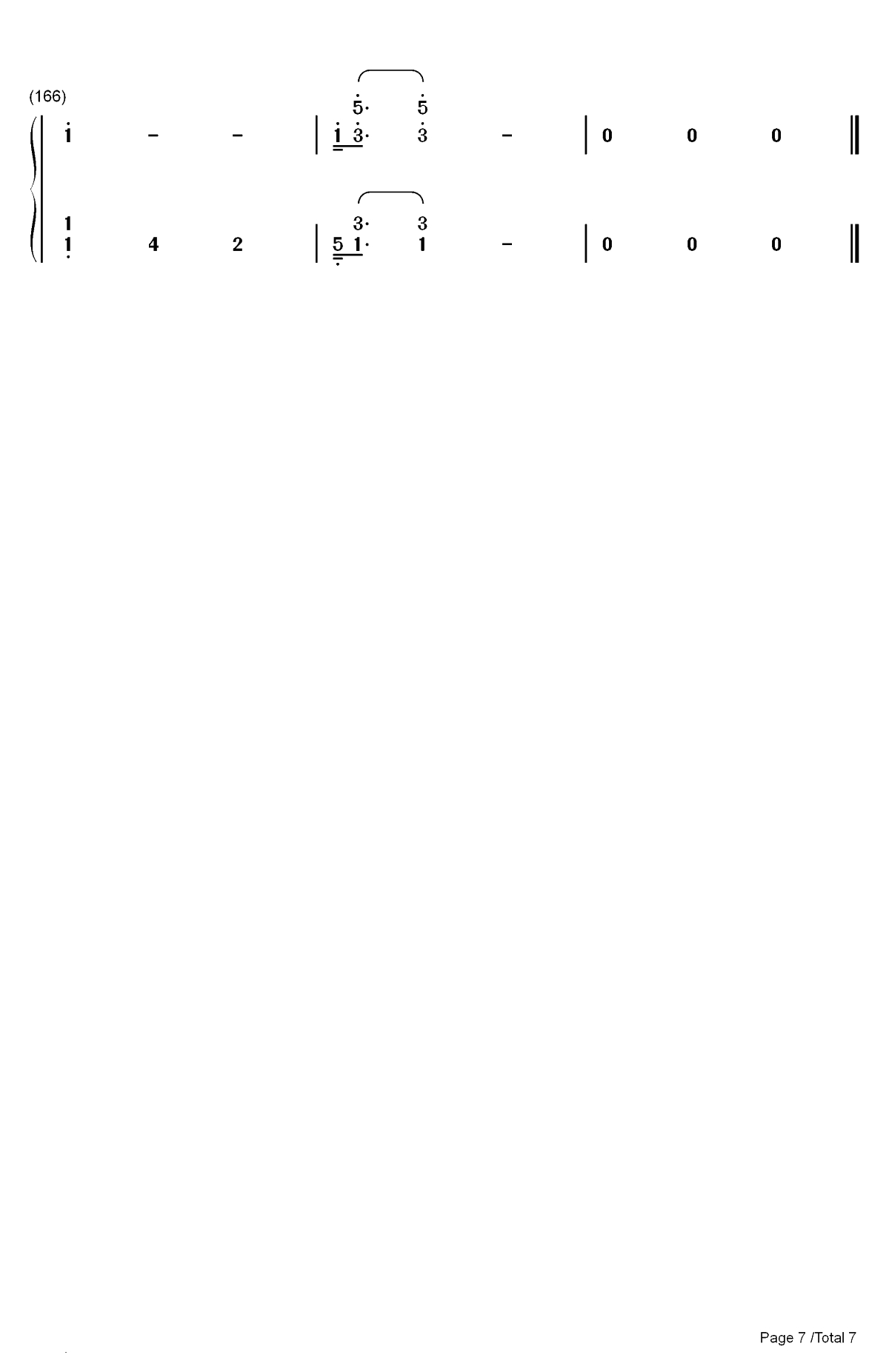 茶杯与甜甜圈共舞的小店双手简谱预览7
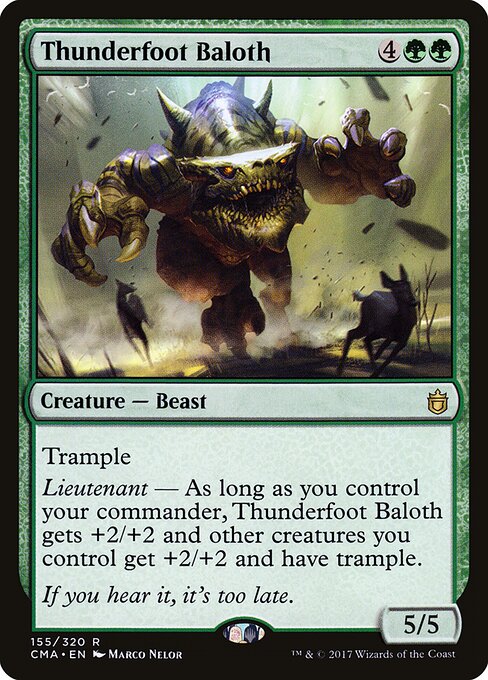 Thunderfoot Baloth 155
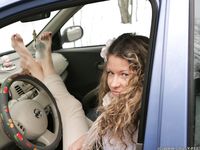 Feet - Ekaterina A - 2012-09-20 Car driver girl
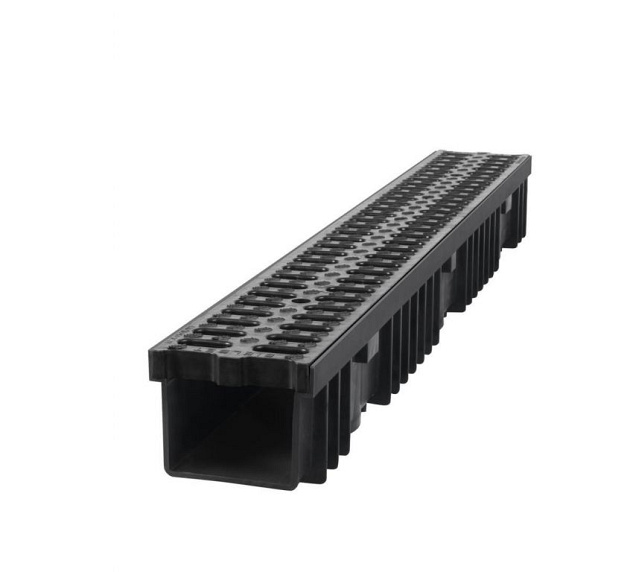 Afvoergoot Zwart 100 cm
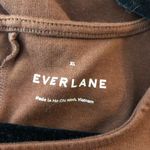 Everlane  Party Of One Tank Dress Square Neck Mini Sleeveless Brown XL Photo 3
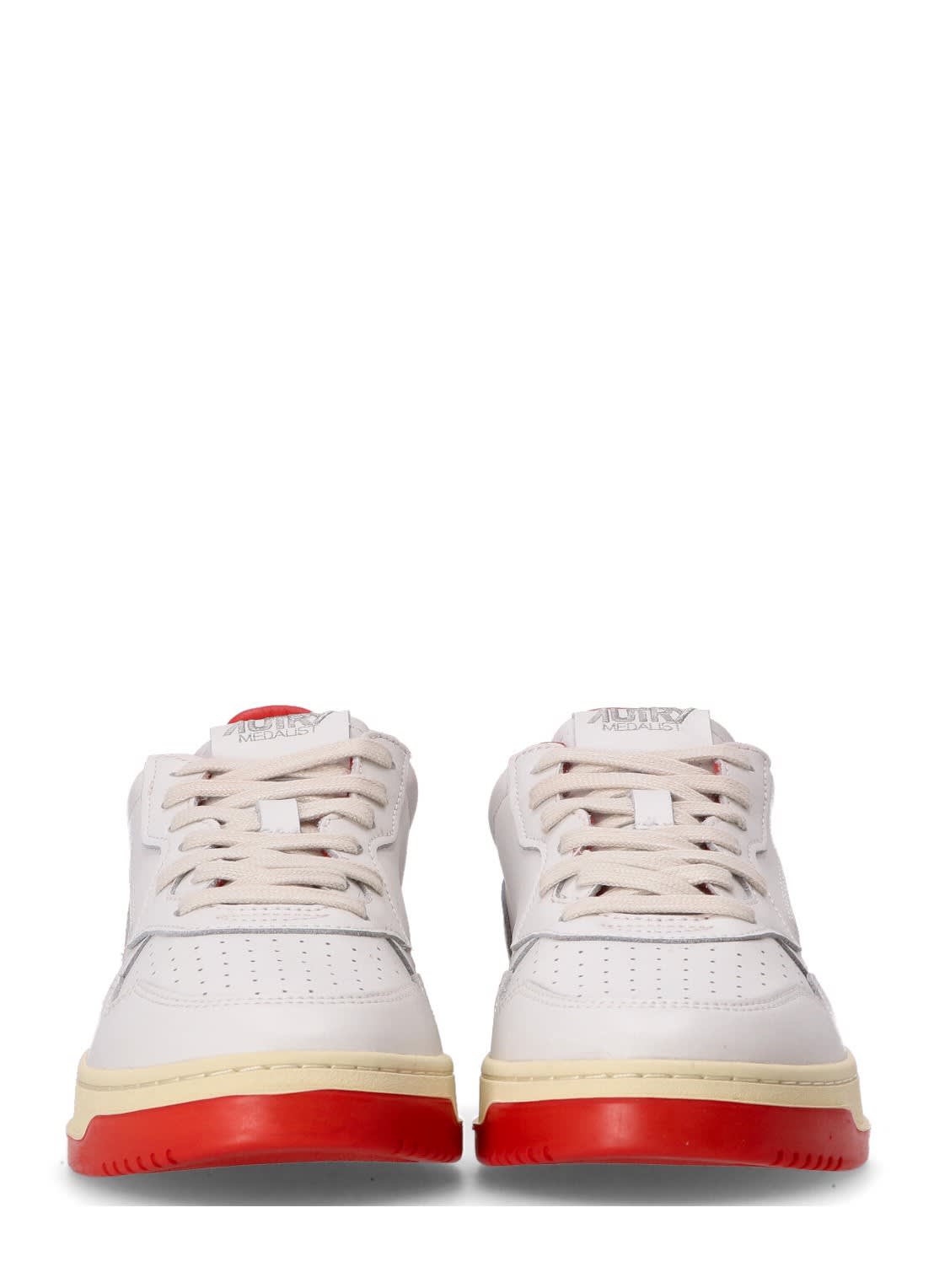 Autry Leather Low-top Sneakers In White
==
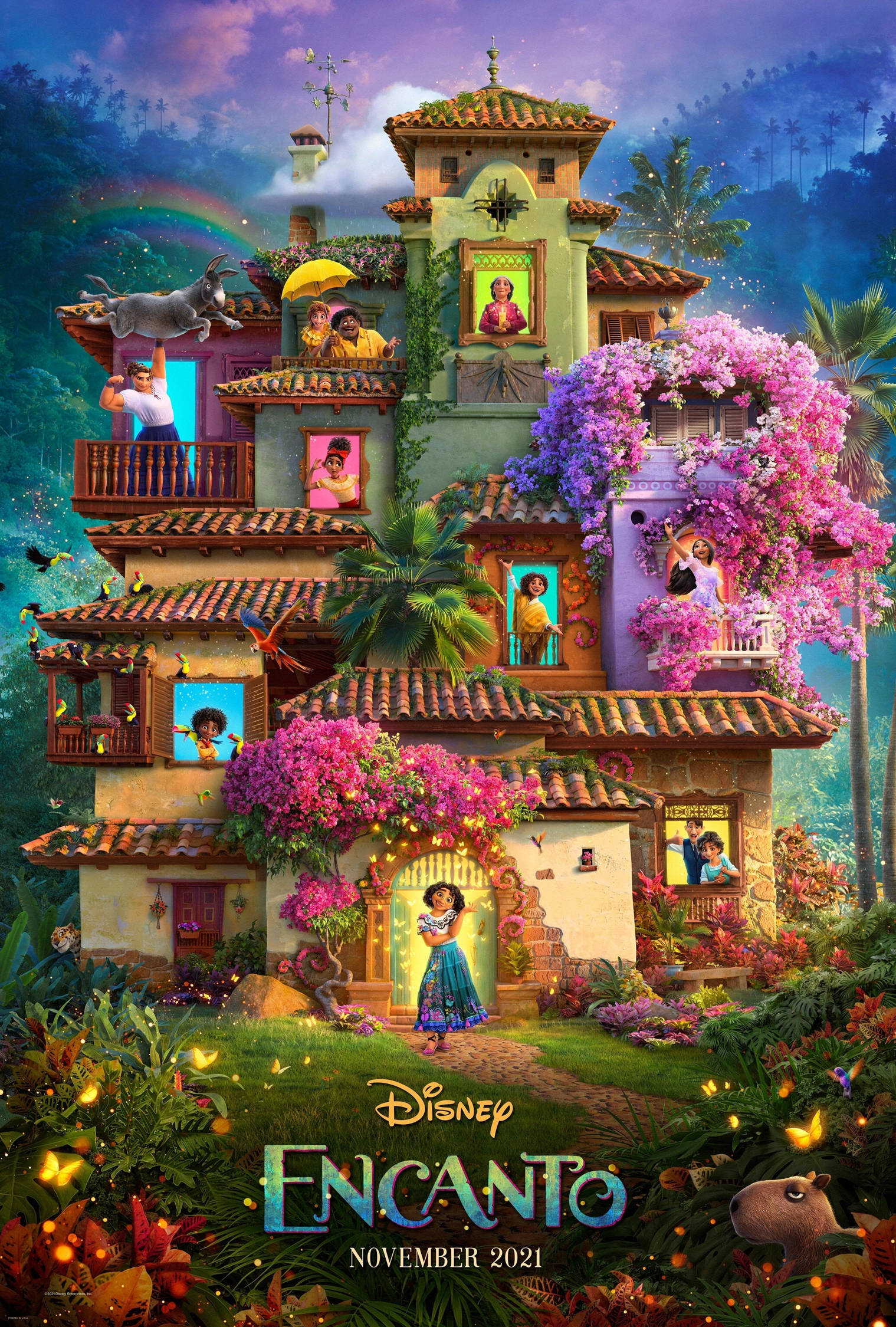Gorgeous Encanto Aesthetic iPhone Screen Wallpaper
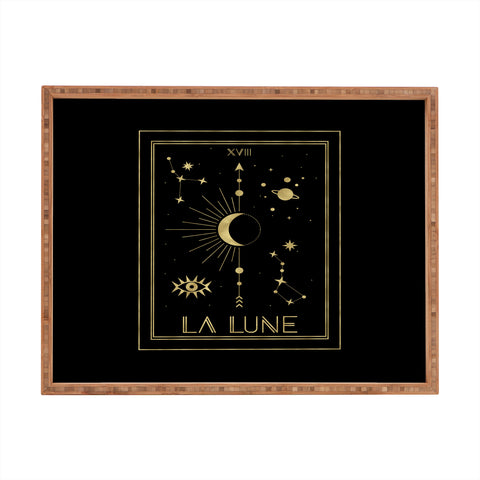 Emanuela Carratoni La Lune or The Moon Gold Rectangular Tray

§ WORK INSTRUCTIONS
When you reach the line holding "Thunderfoot Baloth 155" in the listing above, begin retyping exactly, and stop once the line holding "Autry Leather Low-top Sneakers In White" is done; pictures stay out.

§ EXERCISE SOLUTION
 Thunderfoot Baloth 155
 Feet - Ekaterina A - 2012-09-20 Car driver girl
 Afvoergoot Zwart 100 cm
 Everlane  Party Of One Tank Dress Square Neck Mini Sleeveless Brown XL Photo 3
 Autry Leather Low-top Sneakers In White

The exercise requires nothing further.